Answer: $a_m : a_n = (2m-1):(2n-1)$

Key step: In $\frac{S_m}{S_n} = \frac{m}{n}$ , replace $m \to 2m-1$ and $n \to 2n-1$ to convert sum ratio into term ratio.

FAQs

What is the difference between a sequence and an AP?

A sequence is any ordered list of numbers. An AP is a special sequence where consecutive terms have a fixed common difference. All APs are sequences, but not all sequences are APs. The sequence 1, 4, 9, 16 (perfect squares) is not an AP since the differences 3, 5, 7 keep changing.

Can the common difference be zero?

Yes. If $d = 0$ , every term equals $a$ . The sequence 5, 5, 5, 5 is a valid AP with $d = 0$ . This case appears in CBSE objective questions to test whether students know the definition precisely.

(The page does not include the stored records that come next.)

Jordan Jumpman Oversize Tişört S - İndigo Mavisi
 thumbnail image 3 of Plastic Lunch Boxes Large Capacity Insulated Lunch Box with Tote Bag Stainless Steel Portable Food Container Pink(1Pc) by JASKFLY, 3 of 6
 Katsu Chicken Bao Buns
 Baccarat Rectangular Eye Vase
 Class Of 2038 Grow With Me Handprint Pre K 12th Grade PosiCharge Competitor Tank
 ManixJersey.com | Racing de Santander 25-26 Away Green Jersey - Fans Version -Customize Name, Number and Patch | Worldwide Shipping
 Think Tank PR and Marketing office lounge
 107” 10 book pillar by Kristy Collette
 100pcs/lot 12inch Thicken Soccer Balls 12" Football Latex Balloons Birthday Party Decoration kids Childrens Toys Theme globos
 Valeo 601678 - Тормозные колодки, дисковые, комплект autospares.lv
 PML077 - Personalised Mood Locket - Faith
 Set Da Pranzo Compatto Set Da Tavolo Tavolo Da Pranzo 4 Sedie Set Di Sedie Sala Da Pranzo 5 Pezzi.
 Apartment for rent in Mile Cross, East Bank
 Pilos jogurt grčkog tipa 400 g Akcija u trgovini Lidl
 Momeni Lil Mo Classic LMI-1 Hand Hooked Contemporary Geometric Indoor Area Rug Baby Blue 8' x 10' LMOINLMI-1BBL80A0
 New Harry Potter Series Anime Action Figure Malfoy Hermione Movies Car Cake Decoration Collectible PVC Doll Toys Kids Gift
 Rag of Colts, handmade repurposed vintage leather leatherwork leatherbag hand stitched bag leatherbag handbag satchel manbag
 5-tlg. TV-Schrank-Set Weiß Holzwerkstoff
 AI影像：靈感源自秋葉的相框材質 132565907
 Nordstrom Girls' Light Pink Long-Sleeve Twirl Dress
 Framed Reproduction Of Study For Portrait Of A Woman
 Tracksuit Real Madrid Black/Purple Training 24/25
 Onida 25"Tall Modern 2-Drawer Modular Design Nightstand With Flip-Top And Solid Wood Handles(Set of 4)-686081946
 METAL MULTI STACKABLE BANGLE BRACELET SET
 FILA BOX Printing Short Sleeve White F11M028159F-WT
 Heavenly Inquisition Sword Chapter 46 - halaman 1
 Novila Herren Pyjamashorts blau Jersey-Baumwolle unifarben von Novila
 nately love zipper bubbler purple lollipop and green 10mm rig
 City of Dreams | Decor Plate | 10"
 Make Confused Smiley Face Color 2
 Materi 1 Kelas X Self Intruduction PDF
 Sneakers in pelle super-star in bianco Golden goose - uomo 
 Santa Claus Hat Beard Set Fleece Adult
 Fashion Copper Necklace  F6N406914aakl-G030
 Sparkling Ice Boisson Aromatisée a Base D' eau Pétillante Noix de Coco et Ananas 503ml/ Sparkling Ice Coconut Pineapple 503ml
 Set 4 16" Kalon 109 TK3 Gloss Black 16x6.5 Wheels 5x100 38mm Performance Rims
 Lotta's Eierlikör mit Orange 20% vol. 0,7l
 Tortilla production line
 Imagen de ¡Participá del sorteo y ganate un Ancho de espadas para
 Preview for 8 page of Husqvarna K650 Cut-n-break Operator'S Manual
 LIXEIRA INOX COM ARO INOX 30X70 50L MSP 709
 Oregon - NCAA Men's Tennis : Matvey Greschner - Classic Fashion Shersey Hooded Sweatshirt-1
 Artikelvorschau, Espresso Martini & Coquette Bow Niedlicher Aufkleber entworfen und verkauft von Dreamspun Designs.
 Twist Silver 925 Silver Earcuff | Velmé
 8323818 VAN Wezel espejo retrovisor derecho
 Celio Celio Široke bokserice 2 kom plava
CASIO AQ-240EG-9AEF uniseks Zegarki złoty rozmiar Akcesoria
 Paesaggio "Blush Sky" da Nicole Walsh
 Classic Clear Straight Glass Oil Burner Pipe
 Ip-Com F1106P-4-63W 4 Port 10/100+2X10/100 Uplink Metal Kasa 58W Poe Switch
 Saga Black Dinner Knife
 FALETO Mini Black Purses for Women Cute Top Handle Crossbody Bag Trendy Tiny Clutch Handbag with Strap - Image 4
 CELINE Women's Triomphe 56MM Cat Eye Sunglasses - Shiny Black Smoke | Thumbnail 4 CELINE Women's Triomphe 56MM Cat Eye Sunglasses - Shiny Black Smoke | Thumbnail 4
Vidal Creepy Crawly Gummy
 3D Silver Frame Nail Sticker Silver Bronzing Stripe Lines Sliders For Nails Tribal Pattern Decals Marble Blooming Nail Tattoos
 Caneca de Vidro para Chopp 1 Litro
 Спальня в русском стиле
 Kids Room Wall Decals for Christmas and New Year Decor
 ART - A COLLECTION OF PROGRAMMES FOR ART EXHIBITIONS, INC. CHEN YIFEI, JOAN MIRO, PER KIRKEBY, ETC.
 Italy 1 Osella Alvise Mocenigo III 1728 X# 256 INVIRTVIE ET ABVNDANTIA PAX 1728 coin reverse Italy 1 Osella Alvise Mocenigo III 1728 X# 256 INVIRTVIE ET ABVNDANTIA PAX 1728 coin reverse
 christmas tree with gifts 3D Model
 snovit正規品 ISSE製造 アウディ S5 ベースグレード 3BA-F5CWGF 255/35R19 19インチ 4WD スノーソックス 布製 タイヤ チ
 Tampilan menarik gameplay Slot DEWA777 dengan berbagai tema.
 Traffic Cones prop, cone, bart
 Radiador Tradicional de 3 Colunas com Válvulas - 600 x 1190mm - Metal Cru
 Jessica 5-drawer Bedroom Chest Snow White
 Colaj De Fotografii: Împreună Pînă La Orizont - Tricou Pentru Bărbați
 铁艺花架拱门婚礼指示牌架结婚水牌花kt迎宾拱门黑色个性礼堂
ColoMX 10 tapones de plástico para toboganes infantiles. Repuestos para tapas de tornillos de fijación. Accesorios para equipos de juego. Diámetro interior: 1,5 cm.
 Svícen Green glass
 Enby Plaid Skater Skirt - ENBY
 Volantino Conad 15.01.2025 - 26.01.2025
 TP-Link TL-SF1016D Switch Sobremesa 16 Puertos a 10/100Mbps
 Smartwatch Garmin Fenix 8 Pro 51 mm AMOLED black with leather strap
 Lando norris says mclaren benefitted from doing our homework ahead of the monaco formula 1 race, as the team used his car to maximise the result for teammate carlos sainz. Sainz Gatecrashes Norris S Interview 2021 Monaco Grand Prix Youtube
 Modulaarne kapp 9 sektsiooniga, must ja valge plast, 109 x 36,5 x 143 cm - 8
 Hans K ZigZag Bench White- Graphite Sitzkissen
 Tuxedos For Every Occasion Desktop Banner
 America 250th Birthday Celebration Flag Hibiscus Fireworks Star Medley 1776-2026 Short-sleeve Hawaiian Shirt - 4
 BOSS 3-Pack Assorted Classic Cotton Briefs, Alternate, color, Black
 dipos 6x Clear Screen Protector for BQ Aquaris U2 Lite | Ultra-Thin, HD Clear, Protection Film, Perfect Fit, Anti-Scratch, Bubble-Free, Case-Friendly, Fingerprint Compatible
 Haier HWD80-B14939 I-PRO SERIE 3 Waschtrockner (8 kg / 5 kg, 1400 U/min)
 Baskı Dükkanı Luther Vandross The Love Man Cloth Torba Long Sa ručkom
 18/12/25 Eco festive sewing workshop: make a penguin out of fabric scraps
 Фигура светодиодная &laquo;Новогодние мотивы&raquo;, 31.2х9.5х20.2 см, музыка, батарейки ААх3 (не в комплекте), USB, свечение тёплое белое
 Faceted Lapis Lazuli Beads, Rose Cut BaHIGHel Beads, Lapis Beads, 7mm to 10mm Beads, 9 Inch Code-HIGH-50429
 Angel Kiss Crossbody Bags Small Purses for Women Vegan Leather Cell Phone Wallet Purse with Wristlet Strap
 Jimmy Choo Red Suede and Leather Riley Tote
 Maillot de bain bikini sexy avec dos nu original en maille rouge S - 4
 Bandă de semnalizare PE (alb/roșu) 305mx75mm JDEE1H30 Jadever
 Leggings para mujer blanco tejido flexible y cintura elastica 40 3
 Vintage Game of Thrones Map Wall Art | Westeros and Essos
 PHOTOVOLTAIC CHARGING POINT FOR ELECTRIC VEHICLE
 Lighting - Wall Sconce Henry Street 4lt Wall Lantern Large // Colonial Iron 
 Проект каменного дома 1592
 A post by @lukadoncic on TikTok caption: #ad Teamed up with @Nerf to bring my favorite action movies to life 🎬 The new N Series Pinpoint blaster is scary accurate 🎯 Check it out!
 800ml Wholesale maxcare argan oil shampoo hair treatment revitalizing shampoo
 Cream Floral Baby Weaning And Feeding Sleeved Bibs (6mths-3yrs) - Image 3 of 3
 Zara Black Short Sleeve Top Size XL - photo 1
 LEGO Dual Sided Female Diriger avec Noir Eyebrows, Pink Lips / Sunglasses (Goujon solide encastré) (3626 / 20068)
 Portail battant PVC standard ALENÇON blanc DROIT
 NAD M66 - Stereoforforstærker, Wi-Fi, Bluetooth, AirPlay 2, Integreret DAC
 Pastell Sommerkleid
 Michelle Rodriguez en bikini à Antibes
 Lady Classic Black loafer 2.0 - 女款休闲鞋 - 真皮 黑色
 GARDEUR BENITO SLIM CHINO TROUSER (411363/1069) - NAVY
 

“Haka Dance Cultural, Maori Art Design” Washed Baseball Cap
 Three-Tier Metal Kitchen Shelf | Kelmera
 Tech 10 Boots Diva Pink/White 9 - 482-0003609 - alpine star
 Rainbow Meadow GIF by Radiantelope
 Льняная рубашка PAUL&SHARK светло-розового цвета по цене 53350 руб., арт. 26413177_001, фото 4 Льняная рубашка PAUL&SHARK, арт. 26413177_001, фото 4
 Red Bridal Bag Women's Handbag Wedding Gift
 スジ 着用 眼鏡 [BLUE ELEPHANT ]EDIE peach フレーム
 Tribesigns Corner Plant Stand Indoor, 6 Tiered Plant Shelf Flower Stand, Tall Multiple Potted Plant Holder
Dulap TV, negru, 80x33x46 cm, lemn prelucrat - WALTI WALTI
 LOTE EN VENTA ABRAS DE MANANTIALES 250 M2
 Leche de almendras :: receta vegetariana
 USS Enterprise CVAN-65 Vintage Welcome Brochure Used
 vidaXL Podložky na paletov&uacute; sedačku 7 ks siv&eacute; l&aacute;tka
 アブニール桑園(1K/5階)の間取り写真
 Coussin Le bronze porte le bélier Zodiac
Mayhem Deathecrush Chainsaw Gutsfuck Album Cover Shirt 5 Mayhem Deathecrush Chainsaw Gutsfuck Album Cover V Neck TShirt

Can the common difference be negative?

Absolutely. A decreasing AP has negative $d$ . Example: 50, 45, 40, 35… has $d = -5$ . Temperature dropping by 3°C each hour, savings decreasing each month — real applications have negative $d$ all the time.

How do I find the first term when only $S_n$ is given?

Use $a_1 = S_1$ . Substitute $n = 1$ into the expression for $S_n$ . Then find $S_2$ , and get $a_2 = S_2 - S_1$ . Now $d = a_2 - a_1$ .

When should I use $S_n = \frac{n}{2}(a + l)$ versus the other form?

Use $(a + l)$ form when the last term $l$ is explicitly given (e.g., “sum of all even numbers from 2 to 200”). Use $[2a + (n-1)d]$ form when you have $a$ , $d$ , and $n$ but not the last term explicitly.

Is Arithmetic Mean the same as average?

For two numbers, yes — AM of $a$ and $c$ is $\frac{a+c}{2}$ , which is their average. In AP context, if $a$ , $b$ , $c$ are in AP then $b$ is the AM. The CBSE Class 10 syllabus covers this as a property, not a separate formula.

What does “insert $n$ arithmetic means between $a$ and $b$ ” mean?

You’re creating a sequence $a, A_1, A_2, \ldots, A_n, b$ — total $(n+2)$ terms forming an AP. The common difference is $d = \frac{b-a}{n+1}$ . ICSE tests this frequently; CBSE Class 10 rarely does (it appears more in Class 11).

Is the sum formula derived from Gauss’s trick?

Yes, exactly. Write $S_n = a + (a+d) + \ldots + l$ forward, then reverse: $S_n = l + (l-d) + \ldots + a$ . Add the two rows: $2S_n = n(a+l)$ . This is why understanding the derivation helps — if you forget the formula under exam pressure, you can re-derive it in 30 seconds.